DRIPPING SPRINGS — After being housed in various locations over the years, Dripping Springs ISD’s 18+ program is getting a new facility to further its students’ needs and it’s anticipated to be ready for the 2026 academic year.
The special education, and adult transition services, 18+ program is offered by way of the Individuals with Disabilities Education Act (IDEA), which ensures that all children with disabilities have a free appropriate public education that is designed to meet their unique needs and prepare them for further education, employment and independent living.
“It's different for every student, but if we have a student who is wanting to go to college, but because their executive functioning skills are still lacking, then they, along with the parent, [might] agree to stay with the school district,” explained Brook Roberts, director of student services for DSISD. “They can still stay connected to the district and the district still has an obligation or responsibility to provide them with individualized instruction.”
Students involved in the program learn a variety of lessons, Roberts explained, ranging from financial literacy and money management to entrepreneurial skills and doing their own laundry. The district has also partnered with community businesses — such as H-E-B, Lucky Lab, Sleep Inn, Moxie and Playa Bowls — who have provided job or internship sites for those students.
“It helps our community to affirm working with people with disabilities and to see them and to not just accept, but to include those individuals through their own understanding by building some of these partnerships,” Roberts said.
Those lessons will expand even further with the program’s newest facility that’s in the works. The students and staff have moved from different locations over the years, from a classroom at Dripping Springs High School, the Peabody House — where Walnut Springs Elementary School currently sits — then the high school again and now, they are at Wildwood Springs Elementary.
The new facility, which was initially approved by voters in the May 2023 bond, is getting closer to fruition with the board’s unanimous decision Oct. 27 to approve the design development and Construction Manager at Risk (CMaR) Delivery Method for the project. This also follows the board awarding PBK Architects with the job in 2024.
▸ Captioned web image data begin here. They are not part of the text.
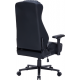Крісло ігрове GamePro GC695B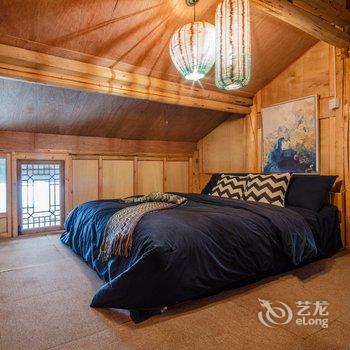 成都一一(00140350)公寓(琴台飞瀑分店)酒店提供图片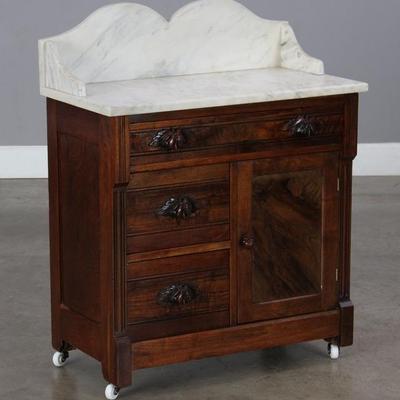 Sale Photo Thumbnail #103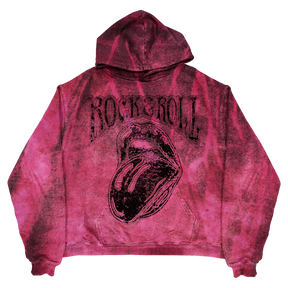 Rock&Roll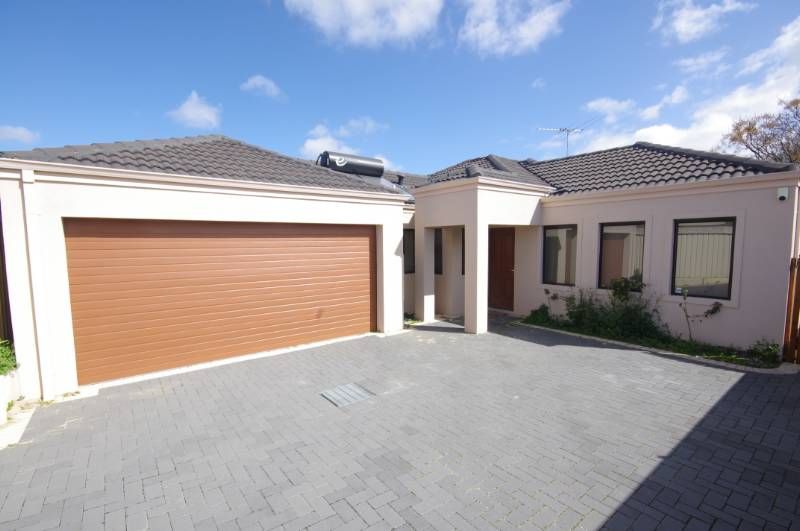 133a Wanneroo Road, TUART HILL WA 6060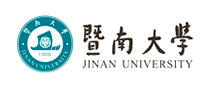 暨南大学是哪个国家的品牌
Adjacent to the Sycamore Springs campuses, the 5,000-square-foot building will include three major classroom spaces — a workshop, life skills classroom and a simulated living/kitchen area — as well as a laundry room and outdoor greenhouse, Roberts said.
“What we want to do is those things that you want to move people from being just participants in towards full independence. We want to be able to have a facility that gives us our best shot at teaching those skills for the remaining time that we have to do that with these particular students,” he said.
Students with disabilities have an annual meeting every year, called an Individualized Education Program (IEP) plan or, in Texas, it’s called an Accelerated Rehabilitative Disposition (ARD). The student’s ARD committee is made up of an administrator, general education teacher, special education teacher, others who are involved in their education and families who help make decisions for their education.
A component of those decisions is transition and the ARD committee needs to be thinking about what the plan is for the student following high school, Roberts said. Ideally, he continued, the committee would start thinking about this type of program around the ninth grade and whether or not they will need it.
IDEA services are available to students up to 21 years of age according to how it was written in law, Roberts explained; however, if they turn 22 during that last school year, they are able to stay until the end of it.
“It’s a right of people with disabilities to be able to have that. It's not necessarily an elective or an option. It's really something that the district has an obligation to our community and to the taxpayers and to the families and to the individuals with disabilities to provide them with an appropriate education. This is part of their education,” Roberts shared. “Not everything in school is math, science, reading and writing … I think if you look at our mission statement and our vision statement, it's really about creating a whole lifelong learner and so, this gives us an opportunity to do that, when maybe these students weren't able to complete those tasks by the time they finished 12 years in school with us.”
Currently, there are 14 students in DSISD’s 18+ program, with some who are in a morning block and others who attend in the afternoon. There are also two special education-certified teachers and four job coaches, who support them by helping them with their internships, driving them to job sites, etc.
Looking to the future, Roberts explained that within two years, they anticipate there will be closer to 22-24 students involved in the program, based on how the community is growing and the projected numbers. He said they are excited for the new building, as it will give them more opportunity to serve the students, but they continue to dream of what’s next.
“We're just spending time dreaming. We get together with our teachers and with the families and with the students and we just talk about things that we're interested in. We had an astronaut come visit us last week and so, we started talking about rockets,” he said. “The sky is wide open to do anything. While we have this facility, it's going to be very flexible and adaptive for us. We're going to be able to utilize it in ways that we haven't even thought about yet. The goal is to keep growing it and we want to be a model 18+ program for the state. We want districts from all over the state to come look at what we're doing and how we're preparing our young adult students for life after high school.”